A Carnot engine is operated between two heat reservoirs at temperatures of 520 \(\mathrm{K}\) and 300 \(\mathrm{K}\) . (a) If the engine receives 6.45 \(\mathrm{kJ}\) of heat energy from the reservoir at 520 \(\mathrm{K}\) in each cycle, how many joules per cycle does it discard to the reservoir at 300 \(\mathrm{K}\) ? (b) How much mechanical work is performed by the engine during each cycle? (c) What is the thermal efficiency of the engine?

Short Answer

Expert verified
(a) 3722.85 J (b) 2727.15 J (c) 42.3% efficient

Step by step solution

01

Understanding Carnot Efficiency

The Carnot efficiency is the maximum efficiency any heat engine can achieve, operating between two temperatures. It is given by the formula \[ \eta = 1 - \frac{T_C}{T_H} \] where \( T_C \) is the temperature of the cold reservoir and \( T_H \) is the temperature of the hot reservoir. Make sure to express these temperatures in Kelvin.
02

Calculate Carnot Efficiency

Substitute the given temperatures \( T_H = 520 \, \text{K} \) and \( T_C = 300 \, \text{K} \) into the Carnot efficiency formula:\[ \eta = 1 - \frac{300}{520} \approx 0.423 \] The Carnot efficiency is approximately 42.3%.
03

Calculate Mechanical Work Output

The work output per cycle, \( W \), can be determined using the relationship between work, heat absorbed, and efficiency:\[ W = Q_H \times \eta \]where \( Q_H = 6.45 \, \text{kJ} = 6450 \, \text{J} \).
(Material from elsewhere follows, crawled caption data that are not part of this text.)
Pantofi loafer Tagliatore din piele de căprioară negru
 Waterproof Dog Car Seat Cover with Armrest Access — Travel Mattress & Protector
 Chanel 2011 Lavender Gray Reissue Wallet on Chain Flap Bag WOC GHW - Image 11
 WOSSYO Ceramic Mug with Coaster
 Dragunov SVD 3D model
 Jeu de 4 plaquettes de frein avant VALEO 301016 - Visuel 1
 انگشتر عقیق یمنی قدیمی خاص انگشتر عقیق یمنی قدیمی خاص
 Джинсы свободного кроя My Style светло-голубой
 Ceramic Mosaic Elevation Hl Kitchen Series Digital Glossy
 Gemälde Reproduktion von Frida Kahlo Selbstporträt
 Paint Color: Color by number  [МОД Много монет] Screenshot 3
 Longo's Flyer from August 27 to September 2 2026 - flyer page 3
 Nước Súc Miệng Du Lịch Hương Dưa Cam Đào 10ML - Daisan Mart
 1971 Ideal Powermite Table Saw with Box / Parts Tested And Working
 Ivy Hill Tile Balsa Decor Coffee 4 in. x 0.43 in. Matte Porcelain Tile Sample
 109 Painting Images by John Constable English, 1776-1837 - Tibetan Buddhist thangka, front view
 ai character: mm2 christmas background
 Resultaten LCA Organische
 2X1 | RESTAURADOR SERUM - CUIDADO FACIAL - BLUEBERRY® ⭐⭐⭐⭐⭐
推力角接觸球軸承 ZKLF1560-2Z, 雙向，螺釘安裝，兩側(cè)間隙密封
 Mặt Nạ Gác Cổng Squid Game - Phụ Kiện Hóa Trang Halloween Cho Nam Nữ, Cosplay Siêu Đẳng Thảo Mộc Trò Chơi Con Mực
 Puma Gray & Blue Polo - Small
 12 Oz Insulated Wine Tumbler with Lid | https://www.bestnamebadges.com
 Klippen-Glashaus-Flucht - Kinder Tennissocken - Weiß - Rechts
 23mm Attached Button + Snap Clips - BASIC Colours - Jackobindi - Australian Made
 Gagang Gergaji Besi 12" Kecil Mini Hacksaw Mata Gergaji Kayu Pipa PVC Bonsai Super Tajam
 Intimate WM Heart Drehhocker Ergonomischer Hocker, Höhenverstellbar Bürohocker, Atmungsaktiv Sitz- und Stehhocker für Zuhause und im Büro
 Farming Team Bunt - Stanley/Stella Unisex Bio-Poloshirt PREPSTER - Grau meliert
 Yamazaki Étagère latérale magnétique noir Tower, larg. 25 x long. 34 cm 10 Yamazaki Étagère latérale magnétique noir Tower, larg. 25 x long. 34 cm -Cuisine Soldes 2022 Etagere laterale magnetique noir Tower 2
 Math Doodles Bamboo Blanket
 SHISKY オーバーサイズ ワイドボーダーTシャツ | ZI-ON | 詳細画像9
Substitute the values to get:\[ W = 6450 \, \text{J} \times 0.423 \approx 2727.15 \, \text{J} \]Thus, the mechanical work performed is approximately 2727.15 J per cycle.
04

Calculate Heat Discarded

The energy conservation principle for a heat engine gives us:\[ Q_H = W + Q_C \]Rearrange to solve for \( Q_C \), the heat discarded to the cold reservoir:\[ Q_C = Q_H - W \]Substitute \( Q_H = 6450 \, \text{J} \) and \( W = 2727.15 \, \text{J} \):\[ Q_C = 6450 \, \text{J} - 2727.15 \, \text{J} \approx 3722.85 \, \text{J} \]Thus, approximately 3722.85 J per cycle is discarded to the cold reservoir.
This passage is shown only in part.